HELOC: Being Smart When It Comes To Borrowing Large Amounts of Money

Borrowing money from a bank or other lenders is always an important decision, however, the commitment becomes considerably more serious if you need a large amount of money. Furthermore, in many cases, the risks grow with the rewards, but this is not always the case.

Using the equity in your home as collateral for a loan is usually a better choice than applying for an unsecured one mostly because the former comes with considerably lower interest rates than the latter. Not using the equity in your home is basically like throwing away money.

This having been said, there are several types of debt that are guaranteed using home equity, and some are more useful than others. One of the most popular types of debt, to this day, it the HELOC, or home equity line of credit. Here is what you need to know about it:

Understanding what a HELOC is?

Home equity lines of credit and loans are both guaranteed using the equity in your home as collateral, but each of them offers different degrees of financial flexibility. Where a loan implies borrowing a set amount of money for a certain period of time that must be usually repaid on a monthly basis, a HELOC functions largely the same as a credit card.

Generally speaking, a HELOC allows you to borrow money only when you need it. The credit limit on these agreements is considerably larger than that of credit cards. Furthermore, you can use as much or as little of that given credit whenever you want, just like you would if it were a credit card.

It is important to mention that the limit for the line of credit is usually decided by how much equity you have in your home. In most cases, if creditors look at the value of your home and at how much you owe on your mortgage. For example, if you own a $500,000 home and owe $250,000 on your mortgage, the creditors will decide that you have $250,000 in equity in your home, which will also be the limit for the line of credit.

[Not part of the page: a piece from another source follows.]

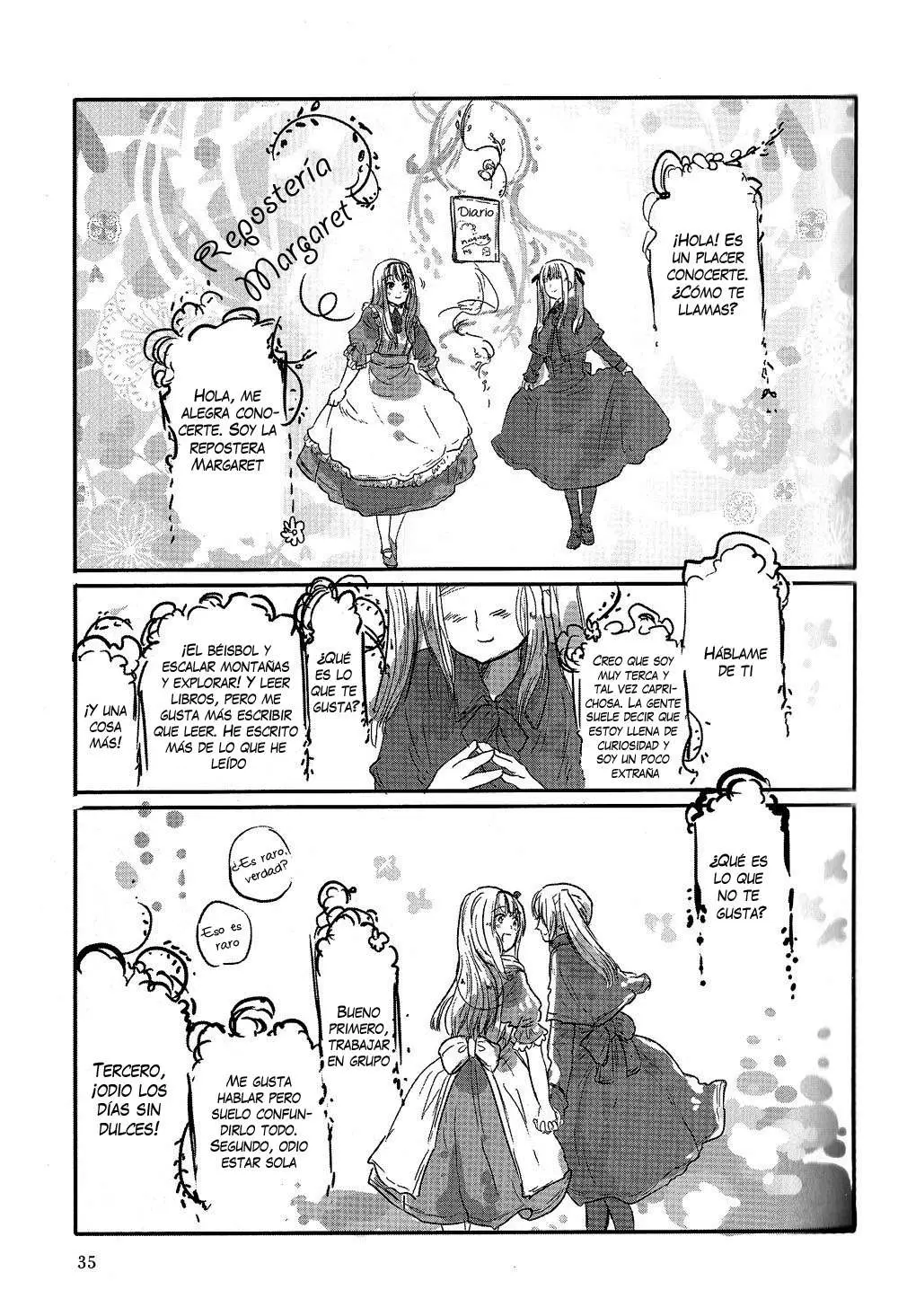 Chibi-san Date (2009) - Capítulo 3 - Página 4 - LectorTMOo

The advantages and disadvantages of a home equity line of credit

While it may seem risky to borrow money that you guarantee for using your home equity, especially when considering that you also have to still make monthly payments on the mortgage, a good budget plan can turn a HELOC into a very useful tool. Home equity lines of credit can only be risky if you take on too much debt, or if you are not financially stable. Here are the main advantages and disadvantages of a HELOC:


  • Only pay for what you use – With a HELOC, you only pay interest (monthly) for the amount of money that you use. For example, if you have a $250,000 HELOC, and you use only $20,000, the interest will be calculated on the amount of money that you’ve borrowed. You can repay it by the end of the month and skip having to pay interest;
  • Great for general financial security – Provided that you do have the monthly income to keep the line of credit from becoming too expensive, the HELOC can be great if you ever find yourself needing a larger amount of money ASAP. Borrowing money using the line of credit is as simple as using a credit card and does not require you to first go to meetings at the bank or wait for any approvals;
  • It is really cheap – A HELOC is often considerably cheaper than a regular loan, especially when considering that you only pay interest for what you borrow. If you take out $200-$500 each month and pay them back after 30 days, the interest will be barely noticeable;


  • It can cause you to overspend – Having so much money at your disposal can give you a false sense of security, which may lead to you spending considerably more than what you normally would. It is possible to reach a point where you either won’t be able to repay the money on time and the interest alone will eat a large chunk of your monthly income;
  • Using a HELOC requires financial planning – While actually having the HELOC at your disposal is extremely affordable, borrowing money while you are unemployed can lead to big problems in the future, as the debt continues to grow. If the economy is unstable, or you do not have a long-term job, even taking small amounts of money every month, from a home equity line of credit can lead a large debt;


Having a HELOC at your disposal is a great way to ensure that you always have funds to fall back on if you need to pay for unforeseen expenses. It can be useful if you need money to send the kids to college, if you want to do some home improvements, or if you need to pay for medical bills or treatments. There is no limitation to what you can do with the money, however, failing to return all of it at the end of the agreement will lead to you losing your home.